As the Grammys lionize acts like we're still living in the 1950s.

We fought over free for fifteen years and now everybody thinks the problems are solved but distribution is only one of them. And the most important question today is what goes through that pipe!

And look at corporations from the car manufacturers to P&G. They make products for everyone, rich and poor, whatever their predilection. But the labels? It's all hip-hop and pop. They aren't developing acts outside those genres, not to any significant degree, which is why the DIY universe is growing. Nature abhors a vacuum.

The labels keep telling us how innovative they are. Well, they've slimmed the ranks so much that...there's not enough manpower to come up with ideas and execute them. What we've got is high-paid CEOs and underpaid worker bees!

This is no different from Hollywood being asleep at the switch. As streaming ate its lunch. A completely outside company, Netflix, revolutionized the industry.

Follow the money. And in recordings, most of the money goes to the label honchos and the corporation itself.

Whereas in live, most of the money goes to the acts.

And on Spotify, if you own your recordings, you get sixty plus percent of the revenue, as opposed to the piddly amount you'll get if you're signed to the label.

And Spotify is not the only digital outlet that pays. Nor exposes. Come on, there's a plethora of outlets.
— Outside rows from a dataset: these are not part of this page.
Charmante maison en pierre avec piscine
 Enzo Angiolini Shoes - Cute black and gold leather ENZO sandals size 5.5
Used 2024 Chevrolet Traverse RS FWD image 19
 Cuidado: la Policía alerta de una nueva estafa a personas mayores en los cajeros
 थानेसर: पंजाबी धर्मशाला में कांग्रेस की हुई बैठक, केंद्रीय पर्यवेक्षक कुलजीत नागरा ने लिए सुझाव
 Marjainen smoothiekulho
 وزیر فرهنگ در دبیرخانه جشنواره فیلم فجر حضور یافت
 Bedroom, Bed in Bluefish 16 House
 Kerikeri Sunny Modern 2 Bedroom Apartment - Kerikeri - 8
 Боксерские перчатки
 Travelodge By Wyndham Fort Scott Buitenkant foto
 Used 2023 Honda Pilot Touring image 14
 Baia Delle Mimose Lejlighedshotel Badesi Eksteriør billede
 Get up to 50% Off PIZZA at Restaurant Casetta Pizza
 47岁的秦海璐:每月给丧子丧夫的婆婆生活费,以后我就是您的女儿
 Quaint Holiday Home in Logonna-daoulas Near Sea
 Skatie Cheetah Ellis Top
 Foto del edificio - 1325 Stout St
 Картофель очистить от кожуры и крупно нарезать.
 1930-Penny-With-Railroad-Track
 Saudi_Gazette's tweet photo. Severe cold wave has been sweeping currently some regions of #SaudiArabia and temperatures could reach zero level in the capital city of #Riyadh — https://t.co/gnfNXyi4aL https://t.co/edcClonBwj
"Billboard" has its head in the sand. But what do you expect from a rudderless outfit run by the second and third tier. Music writing is a piss-poor gig. The internet has killed the reviewer game and as far as trade publications...it's all positive all the time, cheerleading for those who pay the bills, the corporations.

But most people don't care about "Billboard," they don't care who distributes the recordings they listen to or the concerts they go to.

The public has never had this much power, was never this uncontrolled (except for during the Napster era, of course). Own the new reality, adjust to it. And if you're a musical act, hone your live act and GO ON THE ROAD!